As the hazel-eyed, protective and usually mild-mannered Rello (rhymes with “yellow”) curled up on a sidewalk and gently panted a few feet away, Freeman detailed the frenzied moments.
The 6-year-old dog normally gives Freeman a “slight nudge’’ when he has to go to the bathroom every morning, but Thursday was different.
“This time he took his muzzle and threw my arm up real high,” said Freeman, whose uncle Bernard Stratton and several other dogs and puppies, which he called his “babies,” were also inside the home.
“That’s when I woke up,” Freeman said. Meanwhile, Rello scampered to the door and frantically began scratching.
Molten debris slammed into the house and smoke quickly seeped inside, including the bedroom where the remaining eight dogs were.
“I got him (Rello), and I got as many puppies as I could grab and we got them out the door,” said Freeman.
Freeman tried to go back for the rest, but conditions were too dangerous.
More than 150 firefighters were called to the Princeton Avenue address about 3:30 a.m. for the suspicious blaze that Larry Langford, a spokesman for the Chicago Fire Department, said was thought to have originated on the rear porch of a vacant 2.5-story building at 4920 S. Princeton Ave.

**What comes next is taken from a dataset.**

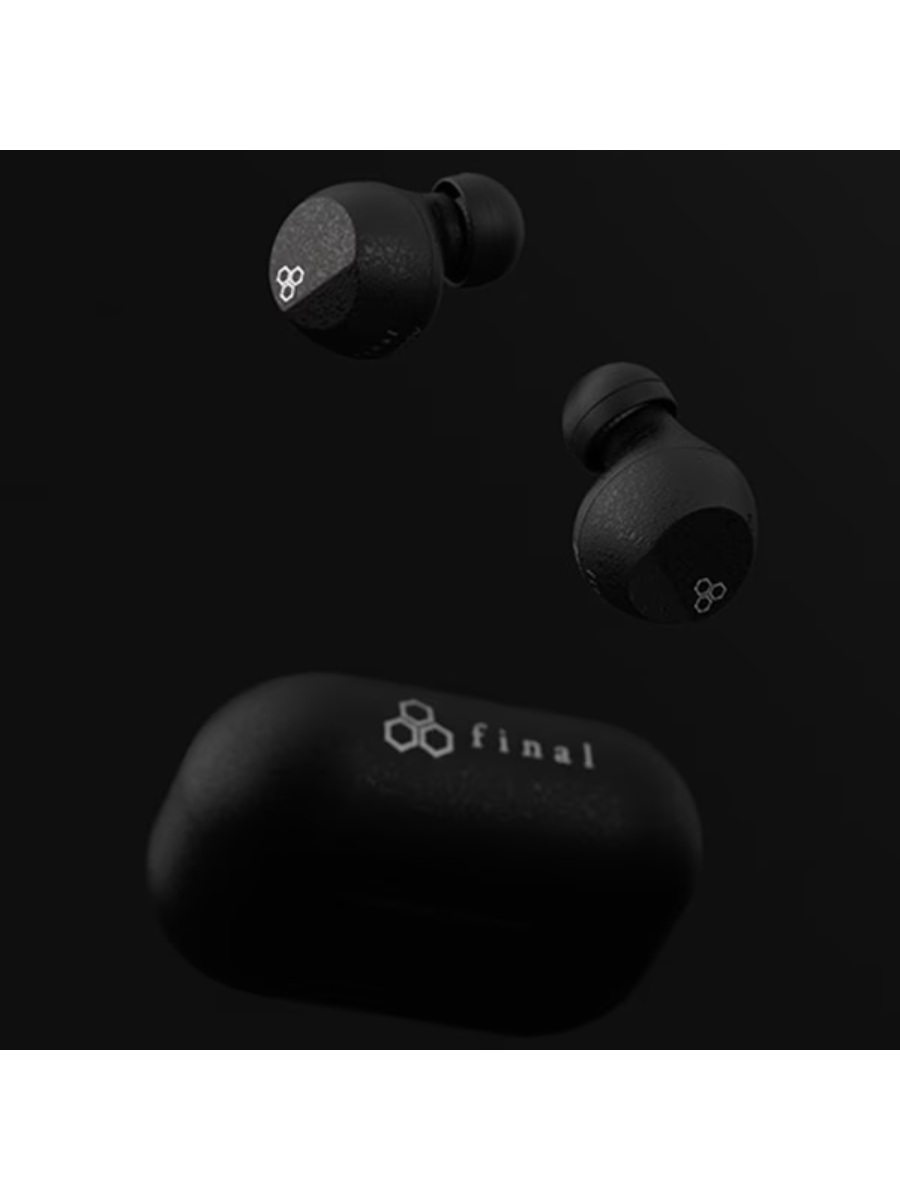 Final ZE3000 SV True Wireless Earbuds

For more than two hours they used 45 pieces of equipment to attack the fire, which spread to homes on either side of the vacant building, Langford said in an email.
No humans were injured, according to Langford, who said no working smoke detectors had been located as of Thursday morning.

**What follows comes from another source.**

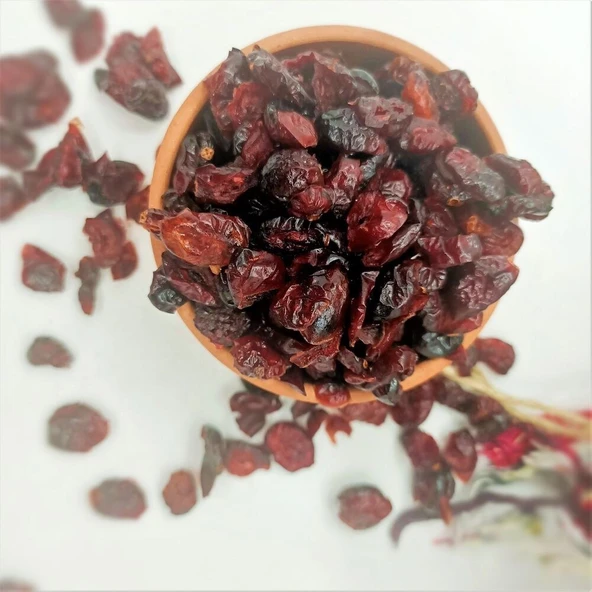 Yaban Mersini Kurusu (200 Gr.) ürün görseli 1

Eventually, Freeman was able to rescue several of the pups, but four had already died: two puppies and two adults.
“It’s tragic,” Freeman said. “I will never be the same after this.”
As he grieved, calling Rello a “hero,” Freeman said the dog is the reason he and his uncle were uninjured.

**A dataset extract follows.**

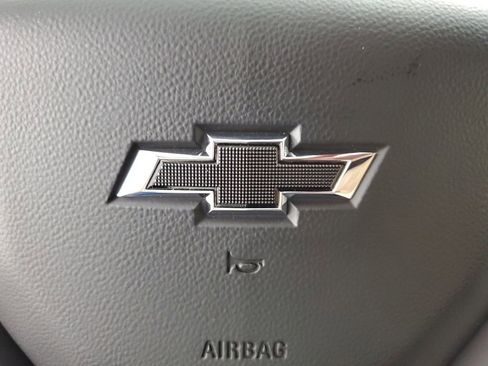 New 2026 Chevrolet Silverado 1500 RST image 21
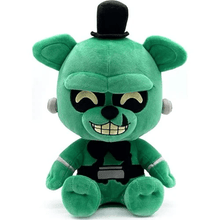 Five Nights at Freddys Dreadbear 9" Plush - Create Marketplace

“At the time, everybody was sleeping. We didn’t even know anything about a fire, but he smelled the smoke.”
As the sun dipped lower, Freeman worried where he, his uncle and the pups were going to live. Cars slowly rolled past and friends called out words of support. “Hey, hey, how you doing?” one said.
“All right — I love you too. Thank you!” Freeman yelled.
“I ain’t doing too good, but I’m doing, though,” he told another well-wisher. “Health-wise I’m here, but mentally I’m not, though.”
This was actually the second time Rello has alerted Freeman to a fire. About two years ago, the basement of the home in front of theirs began burning after a repairman had accidentally left something on.
Back then, Rello woke him up “the same way,” Freeman recalled. “It wasn’t a nudge to go use the bathroom it was a: ‘Get the h— up! We gotta get out of here!’”
“Rello saved me, man. He saved my life.”